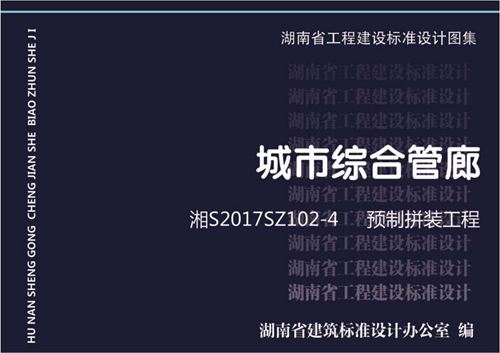 高清 湘2017SZ102-4 城市综合管廊图集 第四册 预制拼装工程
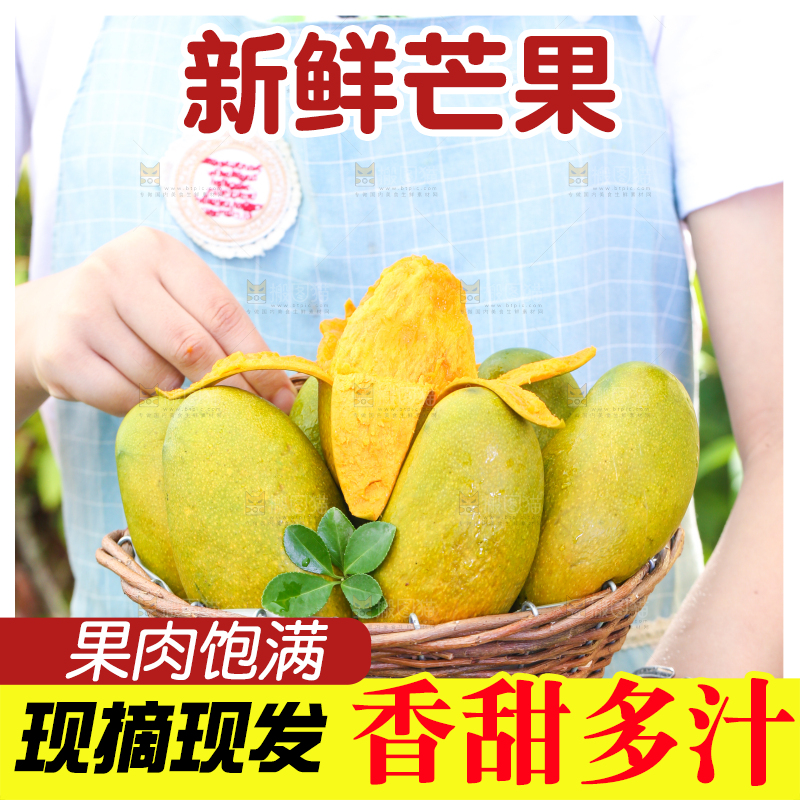 手拿一筐海南鸡蛋芒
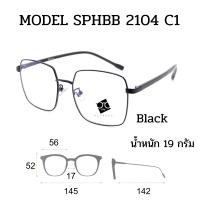ราคา Super Blue Block แว่นสายตา แว่นสายตายาว แว่นสายตาสั้น แว่นกรองแสง แว่นตา แว่น SPHBB (16439174384)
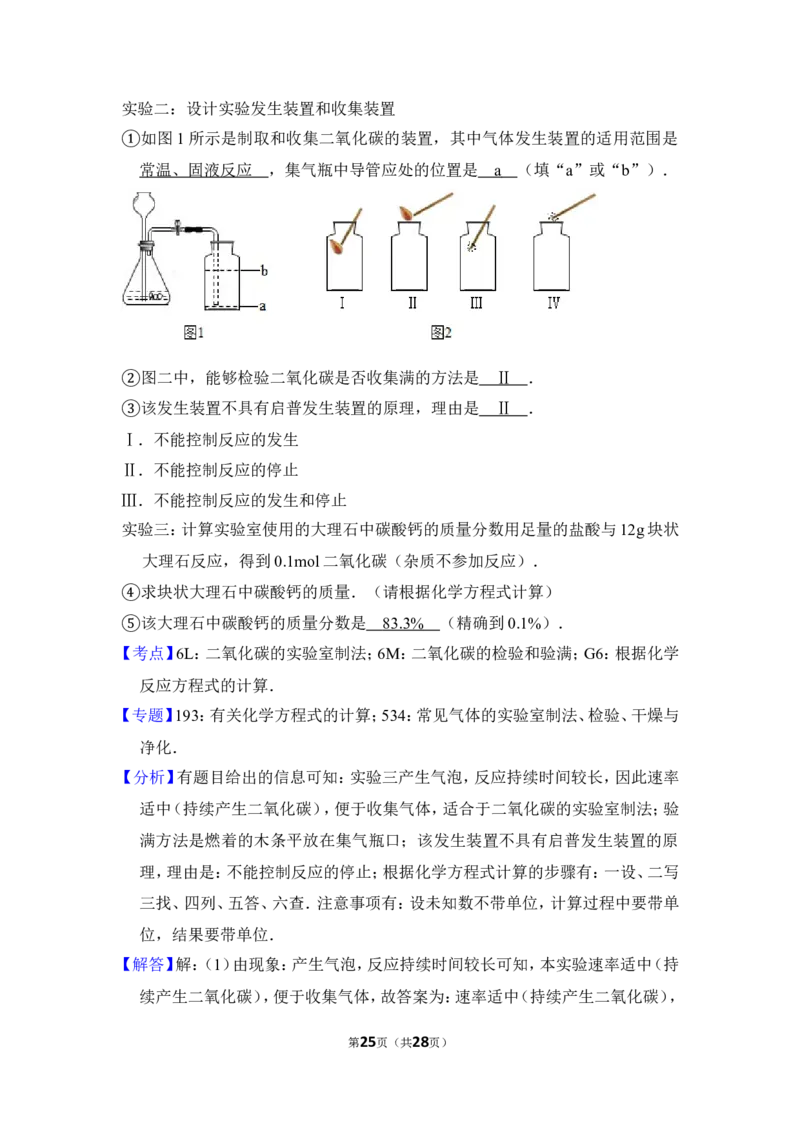 2012年上海市虹口区中考化学一模试卷_0122026上海中考一模二模真题试卷_2025-2012年_5.上海中考化学一模二模（12-24）_一模_2012年上海市中考化学一模试卷（17份）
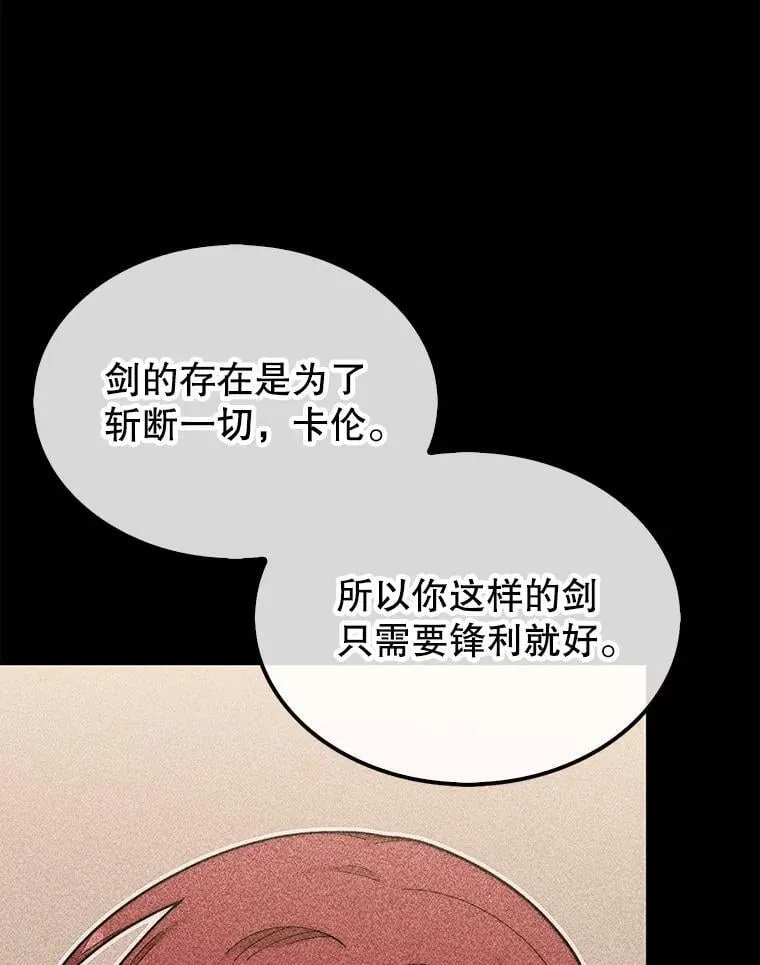 58.塞拉染病61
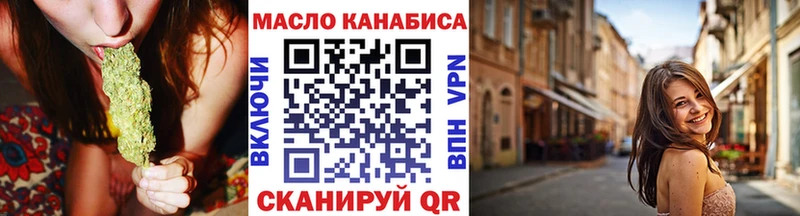 Дистиллят ТГК гашишное масло  Купить закладки  Вольск 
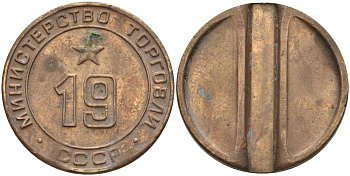 СССР жетон № 19 для торговых автоматов Министерства торговли СССР ND (1955-1977) использовался для покупки закусок Федорин 143 латунь 4139-843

_What you are asked to do:_ What is needed here is an exact transcription of every record above, with images excluded.

_Response:_
 高清 湘2017SZ102-4 城市综合管廊图集 第四册 预制拼装工程
 手拿一筐海南鸡蛋芒
ราคา Super Blue Block แว่นสายตา แว่นสายตายาว แว่นสายตาสั้น แว่นกรองแสง แว่นตา แว่น SPHBB (16439174384)
 2012年上海市虹口区中考化学一模试卷_0122026上海中考一模二模真题试卷_2025-2012年_5.上海中考化学一模二模（12-24）_一模_2012年上海市中考化学一模试卷（17份）
 58.塞拉染病61
 Дистиллят ТГК гашишное масло  Купить закладки  Вольск 
 СССР жетон № 19 для торговых автоматов Министерства торговли СССР ND (1955-1977) использовался для покупки закусок Федорин 143 латунь 4139-843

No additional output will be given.